Along with this disclosure bill, Rosenthal has championed other menstrual equity bills including no cost period products for menstruating individuals in New York's schools, homeless shelters and correctional facilities, and led the way to eliminate the state's tampon tax in 2016.
To help support A.521A, women across the state of New York are using WVE's Detox the Box Party Kits to raise awareness about the hazards of hidden and harmful chemicals in menstrual care products, and de-stigmatize periods and vaginal health.
"These parties provide a relaxed and fun space to spark dialogue between friends about the products used on and in the vagina," said McConnell. "In New York, women are using these parties to support their right to know, their right to safe products, and to ultimately put an end to practices and policies that put their health at risk."
A Detox the Box Party Kit includes fact sheets on harmful chemicals found in some menstrual products, a discussion guide, spoof videos that call-out harmful body-shaming marketing, and actions to take to ensure menstrual products are universally safe and accessible.

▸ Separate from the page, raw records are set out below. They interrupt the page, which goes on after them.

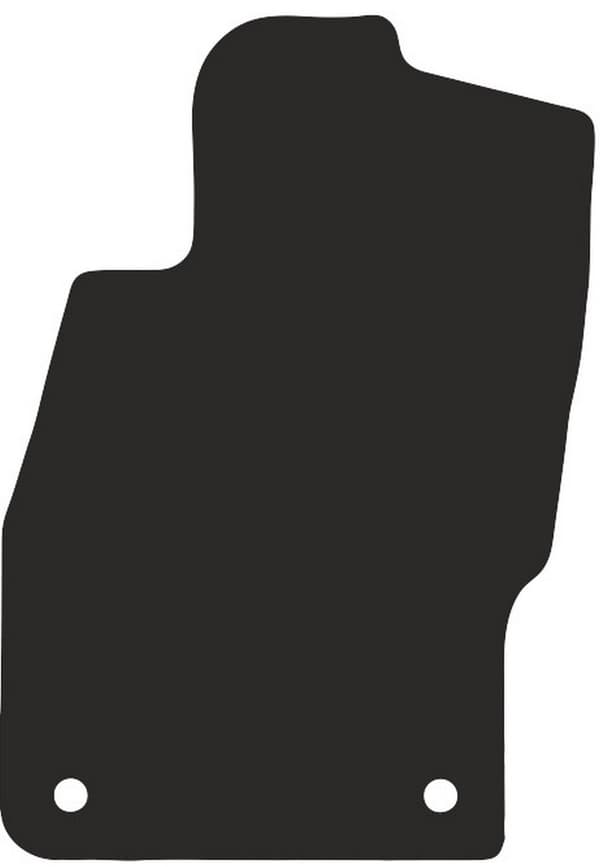 polyamid førermåtte til: Opel Corsa D hatchback 2006-2015 gummibelagt førermåtte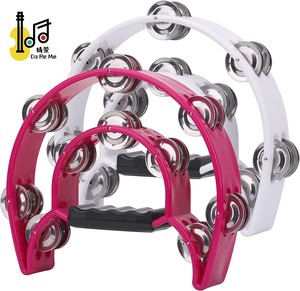 <span class=keywords><strong>Tambourin</strong></span> en plastique à double rangée, grelots métalliques, instrument de musique en plastique, cloche à main <span class=keywords><strong>demi</strong></span>-<span class=keywords><strong>lune</strong></span> pour adultes, enfants, KTV, prix - Product Image 3
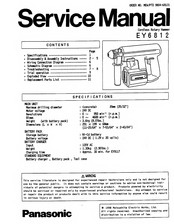 Panasonic EY6812 - HAMMER COR.DRILL&DR Service Manual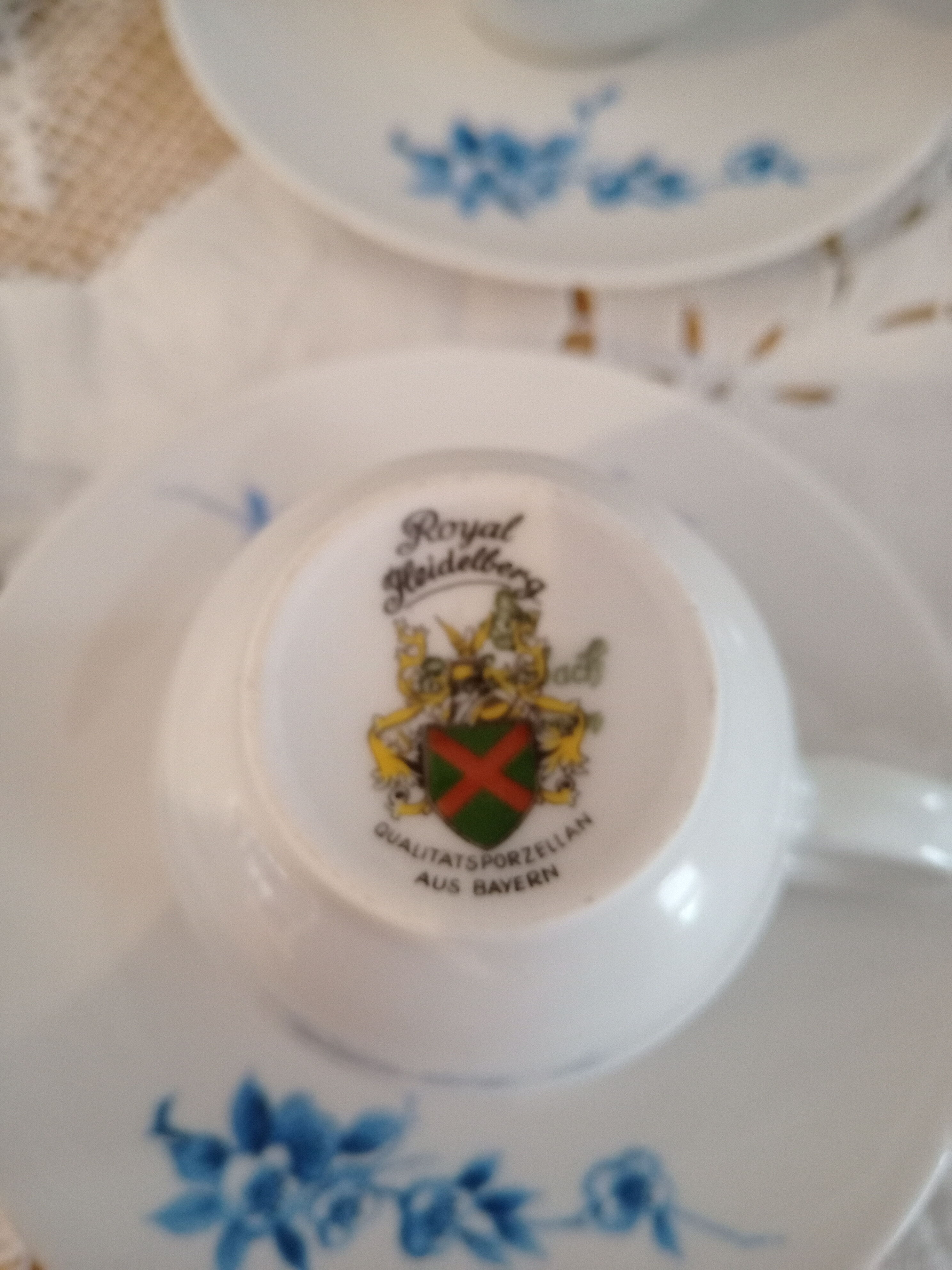 Royal Fleidelberg Qualitas Porzellan aus Bayern porcelain coffee set 24 pieces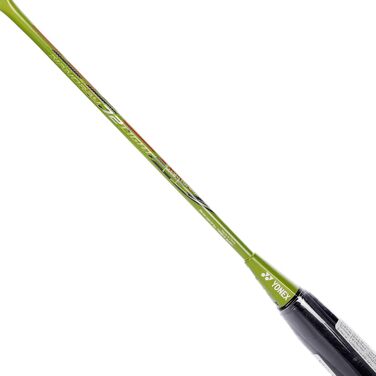 Бадмінтонна ракетка YONEX Nanoray 72, легка, золота, 5U G4, нанометрична технологія, X-FULLERENE, аеродинамічна ізометрична форма, Solid Feel Core, інтегроване T-з'єднання, розроблено в Японії, вироблено в Китаї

Kits also include information on A.521A, and simple ways they can contact their assemblymember, encouraging support for ingredient disclosure of period products.
"We are encouraged and inspired by women in New York and across the nation who are demanding their right to know," said Rosenthal.
Detox the Box Parties are currently being held in the following New York communities: Astoria, Bayport, Brooklyn, Cleveland, Cortland, Dunkirk, Farmingdale, Guilderland, Lake Grove, Montclair, New York, Niverville, Pelham, Rochester, Whitesboro. Interviews available.
ABOUT Women's Voices for the Earth (WVE) Founded in 1995, Women's Voices for the Earth is a national environmental health organization that works to amplify women's voices to eliminate toxic chemicals that harm our health and communities. WVE's menstrual products work was launched in 2013 with the report, Chem Fatale, and has helped elevate the topic of period health into the public mainstream.